Manually checking/stopping checks¶
Commands needed:
echo idle > /sys/block/md127/md/sync_action
echo check > /sys/block/md127/md/sync_action
Detaching volume¶
It’s not safe to just force detach the volume in AWS EC2, it could cause data corruption. Since there are several layers (volumes -> raid -> LVM -> ext4) we need to go the vice versa while detaching.
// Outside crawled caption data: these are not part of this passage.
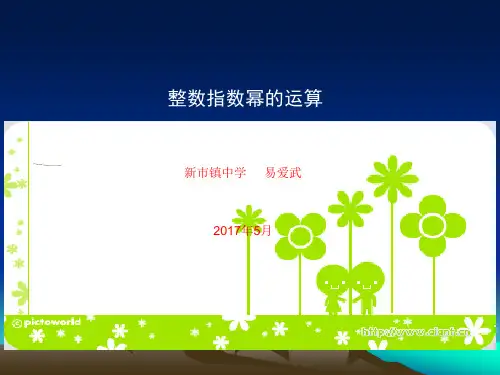 整数指数幂的运算法则.3.3 整数指数幂的运算法则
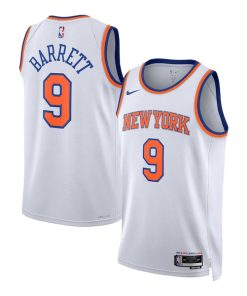 RJ Barrett New York Knicks Nike Unisex Swingman Jersey - Association Edition - White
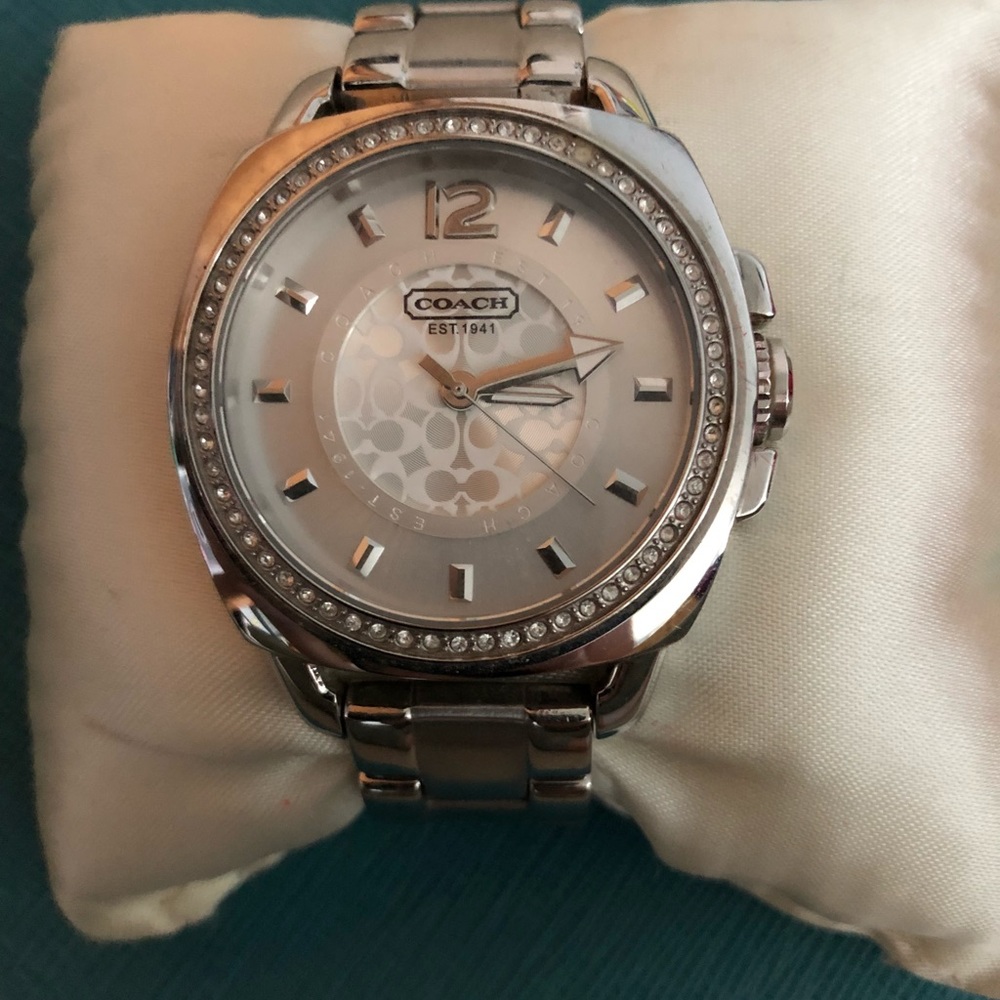 Coach silver watch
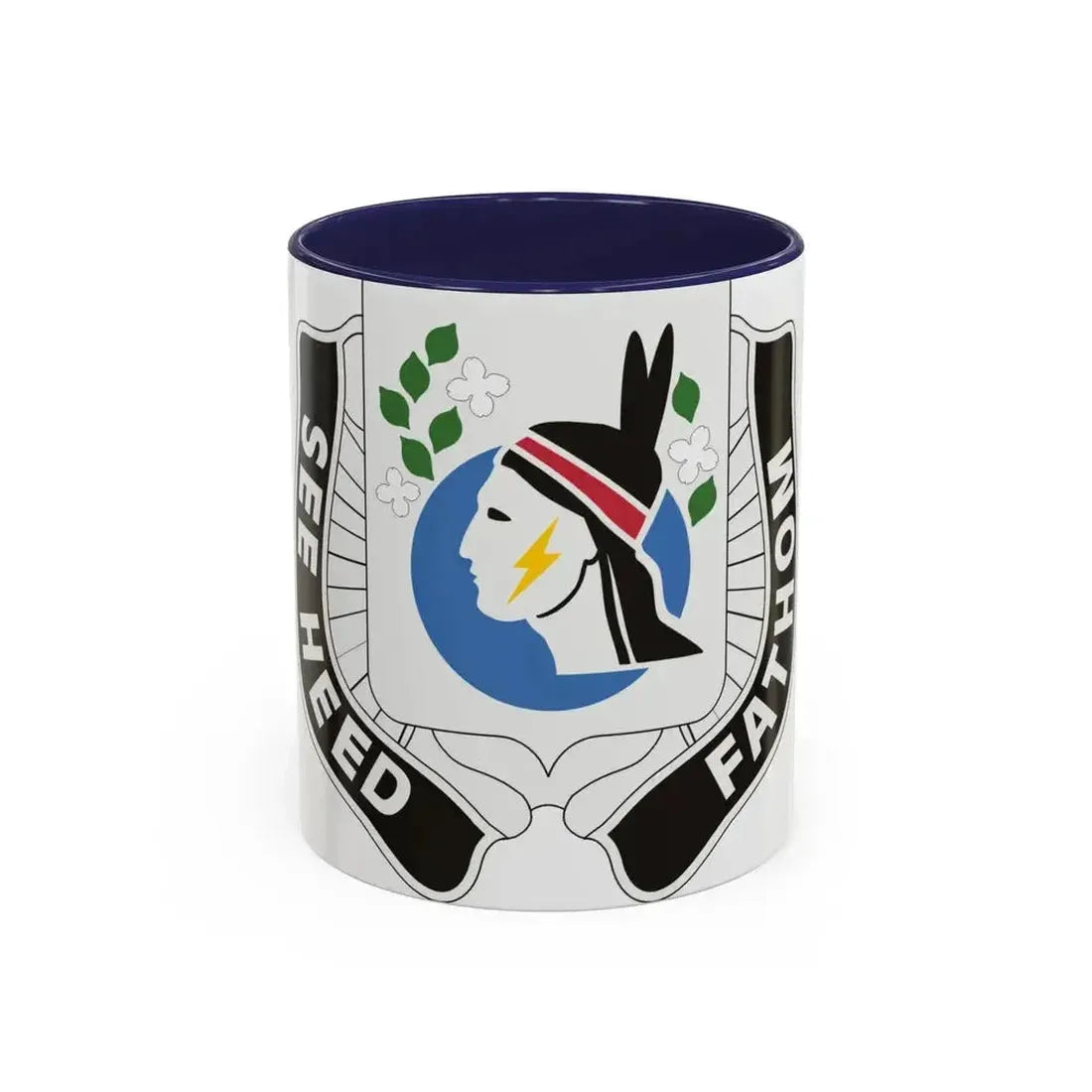 635 Military Intelligence Battalion (U.S. Army) Accent Coffee Mug 11oz Navy - Go Mug Yourself
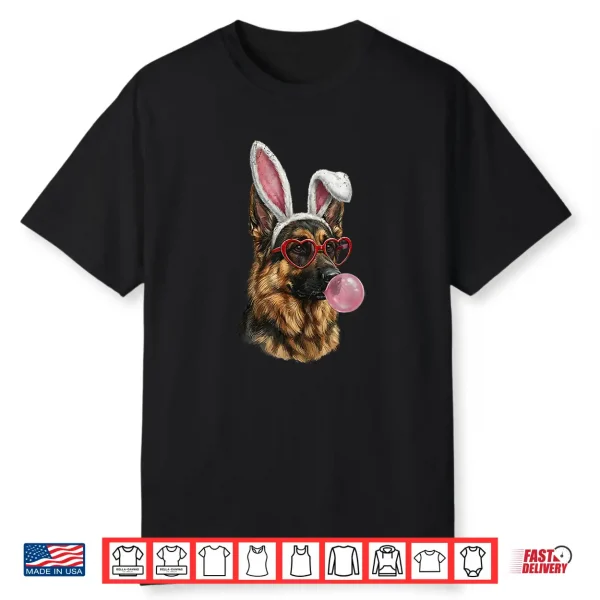 German Shepherd Easter Bunny Dog Lover Shirt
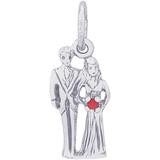 BRIDE & GROOM ACCENT CHARM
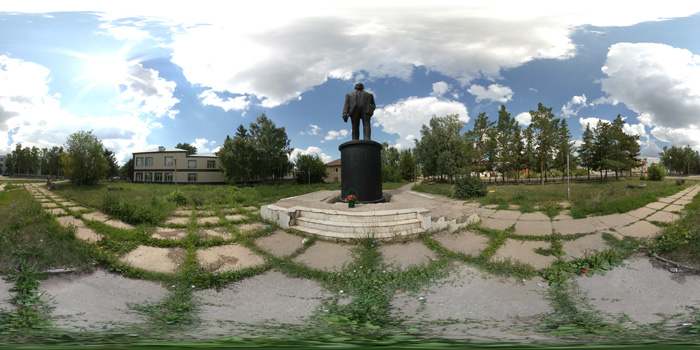памятник Ленину В.И. Сферическая панорама 360.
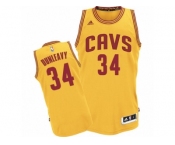 Men's Adidas Cleveland Cavaliers #34 Mike Dunleavy Swingman Gold Alternate NBA Jersey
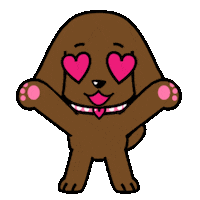 In Love Hearts Sticker by MyMorningDog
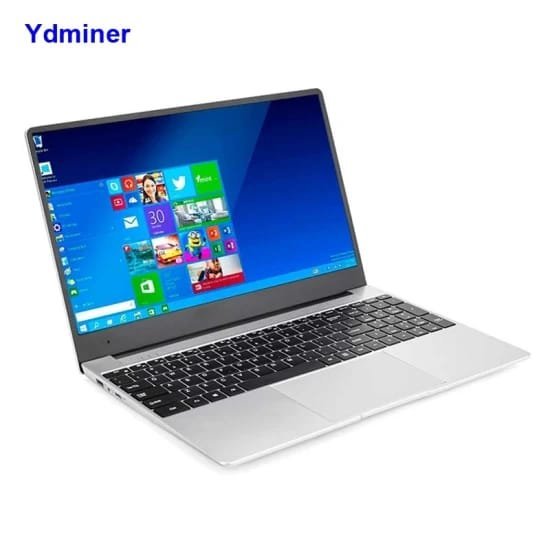 Factory Wholesale CPU J3355 Economic 15.6inch 2 Cores 2 Threads 6GB+64GB Notebook Bluetooth4.0 Laptop PC with DVD External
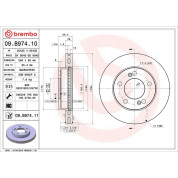 Brembo | Bremsscheibe | 09.B974.11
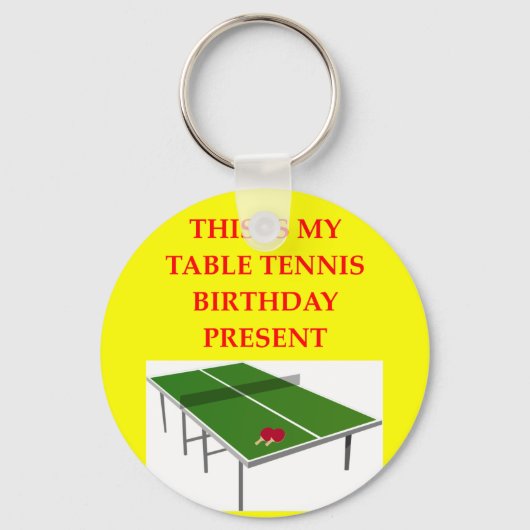 Porte-clés tennis de table (Recto)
stop apache, copr-backend, cron jobs, etc.
unmount:
umount /var/lib/copr/public_html
disable volume group:
vgchange -a n copr-backend-data
stop raids:
mdadm --stop /dev/md127
now you can detach the volumes from the instance in ec2
Attaching volume¶
attach the volumes in AWS EC2
start raid and volume group
mdadm --assemble --scan
. In case the--assemble --scan
doesn’t reconstruct the array, it is OK to add the volumes manuallymdadm /dev/md127 --add /dev/nvme2n1p1
.mount the
/dev/disk/by-label/copr-repo
volume
There’s a ansible configuration for this, and list of volumes.
Adding more space¶
Create two
gp3
volumes in EC2 of the same size and type, tag them withFedoraGroup: copr
,CoprInstance: production
,CoprPurpose: infrastructure
. Attach them to a freshly started temporary instance (we don’t want to overload I/O with the initial RAID sync on production backend). Make sure the instance type has enough EBS throughput to perform the initial sync quickly enough.Always partition the disks with a single partition on them, otherwise kernel might have troubles to auto-assemble the disk arrays:
cfdisk /dev/nvmeXn1 cfdisk /dev/nvmeYn1
Create the
raid1
array on both the new partitions:$ mdadm --create --name=raid-be-03 --verbose /dev/mdXYZ --level=1 --raid-devices=2 /dev/nvmeXn1p1 /dev/nvmeYn1p1
Wait till the new empty array is synchronized (may take hours or days, note we sync 2x16T). Check the details with
mdadm -Db /dev/md/raid-be-03
. See the tips bellow how to make the sync speed unlimited withsysctl
.Note
In case the disk is marked “readonly”, you might need the
mdadm --readwrite /dev/md/raid-be-03
command.Place the new
raid1
array into the volume group as a new physical volume (vgextend does pvcreate automatically):$ vgextend copr-backend-data /dev/md/raid-be-03
Extend the logical volume to span all the free space:
$ lvextend -l +100%FREE /dev/copr-backend-data/copr-backend-data
Resize the underlying
ext4
filesystem (takes 15 minutes and more!):$ resize2fs /dev/copr-backend-data/copr-backend-data
Switch the volume types from
gp3
tosc1
, we don’t need the power ofgp3
for backend purposes.Modify the https://github.com/fedora-copr/ansible-fedora-copr group vars referencing the set(s) of volume IDs.
Other tips¶
Note the sysctl dev.raid.speed_limit_max
(in KB/s), this might affect
(limit) the initial sync speed, periodic raid checks and potentially the raid
re-build.
While trying to do a fast rsync, we experimented with a very large instance type
(c5d.18xlarge, 144GB RAM) and with vm.vfs_cache_pressure=2, to keep as many
inodes and dentries in kernel caches (see slabtop
, we eventually had 60M of
inodes cached, 28M inodes and 15T synced in 6.5hours). We had also decreased
the dirty_ratio
and dirty_background_ratio
to have more frequent syncs
considering the large RAM.